Göbek kordonunda bulunan umblikal arter damarlarında kan akımın özellikleri de bebeğin plasentadan yeterli oksijen ve besin alıp almadığını gösterebilir. Bebeğe ait çeşitli damarlardaki akım özellikleri ile birlikte değerlendirildiğinde plasental yetmezliğin ekarte edilmesinde en güvenilir yöntemlerden biridir. Bu yöntemle anne karnında oksijensiz kalma riski olan bir bebeğin doğurtulması gereken zamanın belirlenmesi kolaylaşır.

Fetal Ekokardiografi

Son onbeş yılda ultrasonografi teknolojisinde sağlanan gelişmeyle fetal anormalliklerin saptanmasında belirgin ilerlemeler elde edilmiştir. Bunlar arasındaki en önemli gelişmelerden biri de fetal kalbin incelenmesidir. Kalp sürekli gerek karmaşık anatomik yapısı gerekse hareket halinde olması nedeniyle incelenmesi zor bir organdır. Ayrıca kalbe ait doğumsal problemlerin önemli bölümü bebekte herhangi bir yaşamsal sorun oluşturmaz ve ilerleyen dönemde kendiliğinden düzelebilir. Karıncıklar arasındaki ufak delikler (VSD) buna örnek verilebilir.Fetal kalbin incelenmesinde temel amaç hayatla bağdaşmayacak ağır problemlerin ve bebeğin doğar doğmaz ameliyat edilmesini gerektiren problemlerin saptanmasıdır.Bu durumda bebek yenidoğan kalp ameliyatlarının yapıldığı bir merkezde doğurtulabilir ya da böyle bir merkezle iletişim sağlanabilir.
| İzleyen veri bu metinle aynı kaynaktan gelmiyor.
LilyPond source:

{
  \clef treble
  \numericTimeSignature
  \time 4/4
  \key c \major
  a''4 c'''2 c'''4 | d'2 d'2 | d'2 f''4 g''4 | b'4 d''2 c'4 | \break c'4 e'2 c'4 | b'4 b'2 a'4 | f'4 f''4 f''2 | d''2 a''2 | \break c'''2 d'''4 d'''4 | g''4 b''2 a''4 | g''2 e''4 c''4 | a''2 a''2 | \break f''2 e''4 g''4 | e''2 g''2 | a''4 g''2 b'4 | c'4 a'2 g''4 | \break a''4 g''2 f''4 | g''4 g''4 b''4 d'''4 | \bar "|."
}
Fetal kalb’in değerlendirilmesi için optimal zaman 22-24. gebelik haftalarıdır . Ancak, fetal kardiyak inceleme zamanı, son yıllarda ultrasonografi cihazlarındaki iki boyutlu görüntüleme kalitesinin ve fetal ekokardiografideki deneyim ve bilgilerin artması ile giderek daha erken gebelik haftalarına kaymaktadır.
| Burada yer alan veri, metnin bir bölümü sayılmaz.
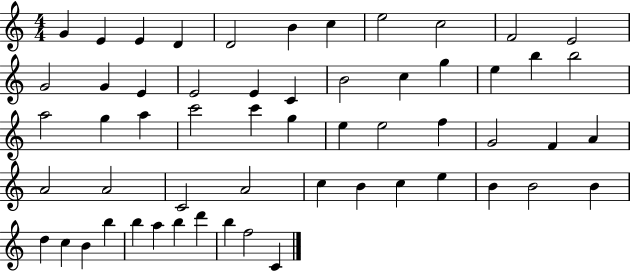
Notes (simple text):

G4/q E4/q E4/q D4/q D4/h B4/q C5/q E5/h C5/h F4/h E4/h G4/h G4/q E4/q E4/h E4/q C4/q B4/h C5/q G5/q E5/q B5/q B5/h A5/h G5/q A5/q C6/h C6/q G5/q E5/q E5/h F5/q G4/h F4/q A4/q A4/h A4/h C4/h A4/h C5/q B4/q C5/q E5/q B4/q B4/h B4/q D5/q C5/q B4/q B5/q B5/q A5/q B5/q D6/q B5/q F5/h C4/q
Renkli doppler ultrasonografi ve fetal ekokardiografi

Rutin ultrasonografide iki önemli noktaya dikkat edilir. Birincisi ‘Dört odacık görünümü’ olarak adlandırılan karıncık ve kulakçıkların birlikte izlendiği görünümün normal olması ,ikincisi de büyük damar çıkışlarının,yani aort ve akciğere giden ana atardamarın (Pulmoner arter) yerleşiminin doğru olmasıdır.Bunun dışındaki boyut olarak ufak defektlerin rutin ultrasonografide saptanması beklenmemelidir.
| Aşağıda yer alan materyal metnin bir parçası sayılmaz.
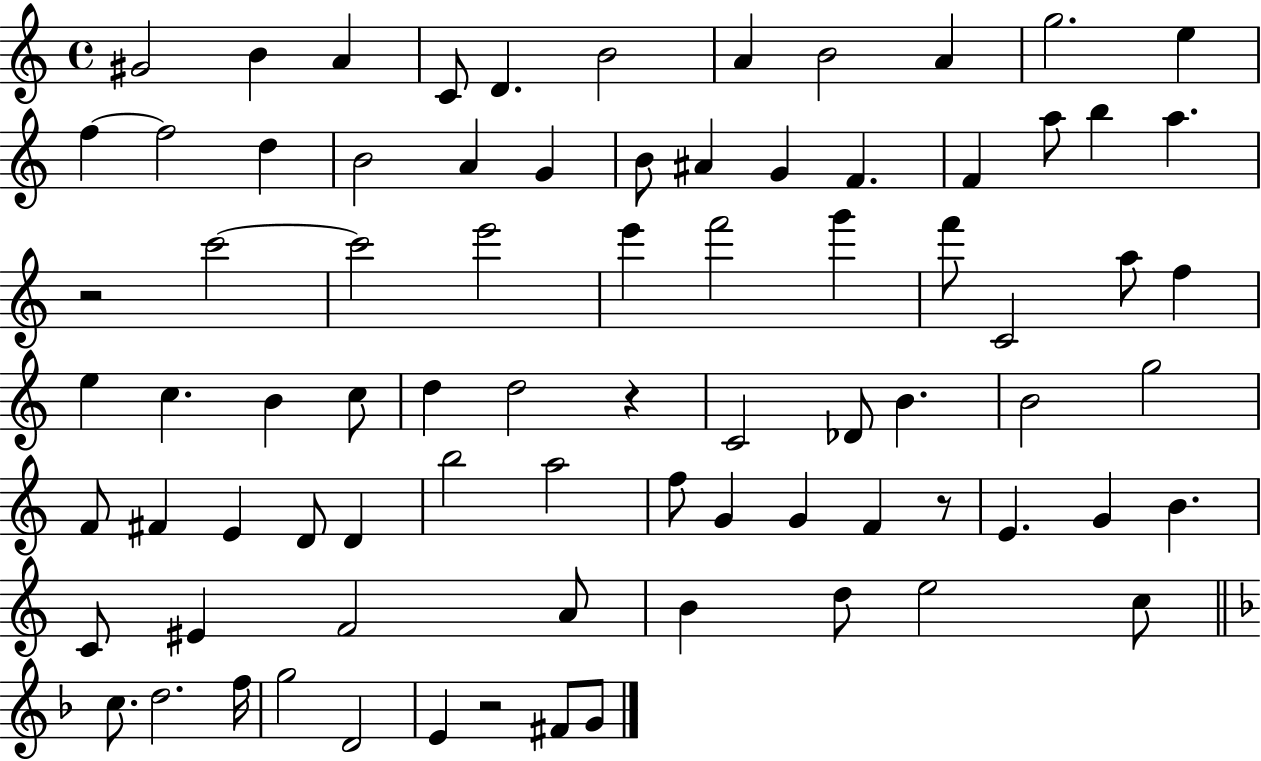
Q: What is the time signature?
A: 4/4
Fetal ekokardiografi belli durumlarda uygulanması gereken özel bir incelemedir. Fetal ekokardiografi gerektiren durumlar:

Bebeğe ait risk faktörleri:

  • Kalp dışında saptanmış anomali olması
  • Fetal kalpte ritm bozukluğu olması
  • Fetal Hidrops
  • Rutin incelemede anomali şüphesi
  • Anneye ait risk faktörleri:
  • Annede konjenital kalb hastalığı
  • Metabolik bozukluklar (Diabetes mellitus Fenilketonüri)
  • Polihidramnios
  • Enfeksiyonlar (Rubella,Toksoplazma,Sitomegalovirus,Kabakulak)

Fetal ekokardiografi üst düzey bir inceleme olmasına rağmen anne adayı açısından normal ultrasonografiden herhangi bir farkı yoktur.Herhangi bir invaziv girişim içermez.